Assim sendo, o demandante tem obviamente direito a ser reembolsado pela demandada da quantia de que abriu mão a título de princípio de pagamento, sendo certo que nada tem a restituir por nada ter recebido.
Finalmente, o demandante tem ainda direito à indemnização por danos não patrimoniais, desde logo por estarem reunidos os pressupostos de facto e legais para o efeito (cfr. artigo 496º, nº 1 e artigo 12º, nº 1 da Lei nº 24/96, de 31 de Julho, com a redacção que lhe foi dada pelo Decreto-Lei nº 67/2003, de 8 de Abril, com as devidas adaptações). Com efeito, a conduta incumpridora da demandada foi de molde a abalar o demandante, causando-lhe transtornos e aborrecimentos, os quais se revestem de suficiente gravidade, no contexto em que ocorrem, para merecer a tutela do direito.
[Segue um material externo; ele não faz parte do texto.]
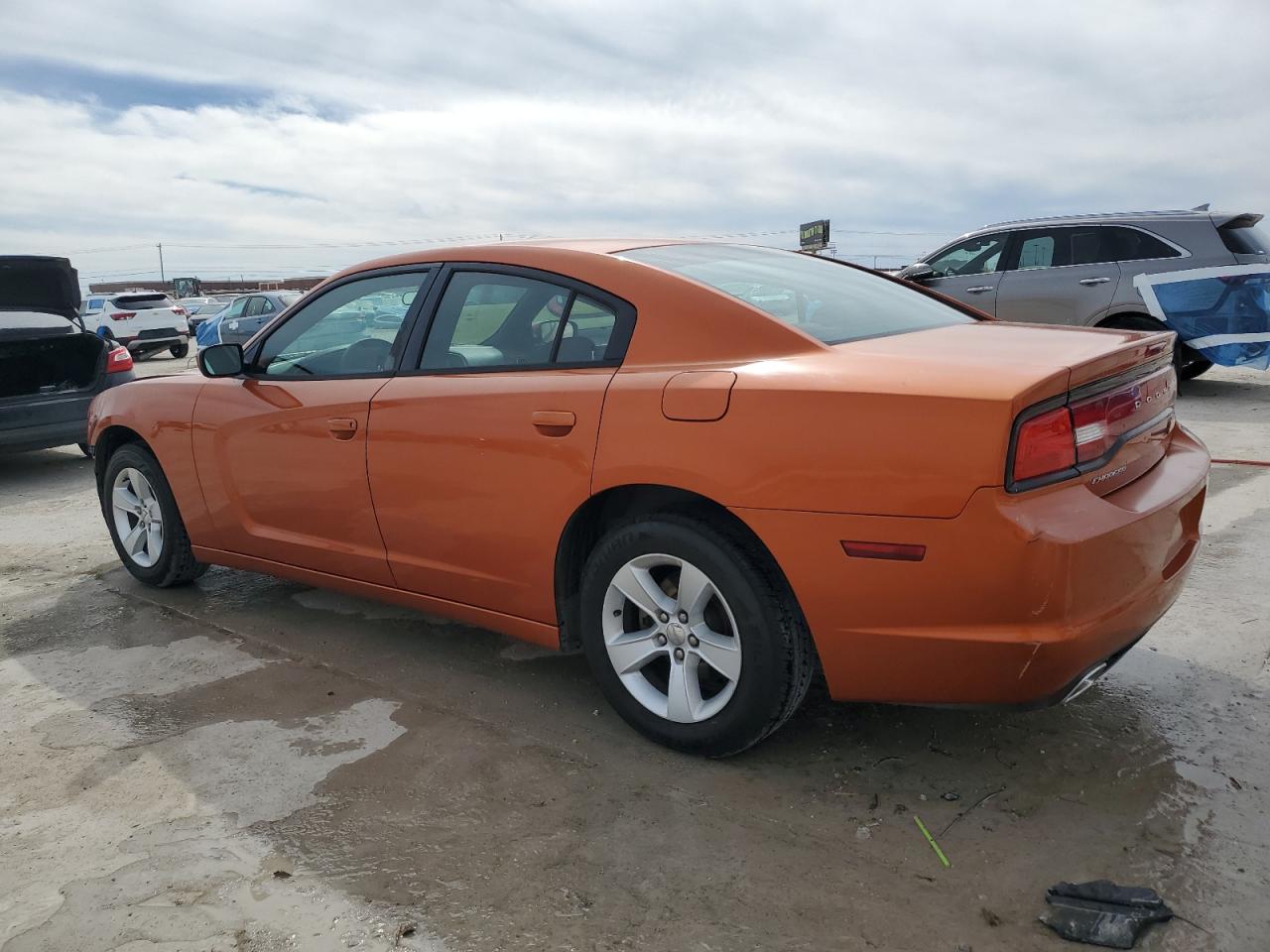 2011 Dodge Charger - Image 2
E, tendo em conta o ocorrido, a quantia peticionada a título de compensação mostra-se ajustada às circunstâncias.
DECISÃO:
Nestes termos, julgo a presente acção procedente e provada e, consequentemente, declaro resolvido o contrato de compra e venda de coisa móvel celebrado entre demandante e demandada em 03/04/2007, condenando esta a restituir ao primeiro a quantia de 300,00 €, bem como a pagar-lhe o montante de 300,00 € a título de compensação pelos danos não patrimoniais que lhe causou, tudo no total de 600,00 €.
Custas pela demandada (cfr. artigo 446º, n.os 1 e 2 do Código de Processo Civil e artigo 8º da Portaria nº 1456/2001, de 28 de Dezembro).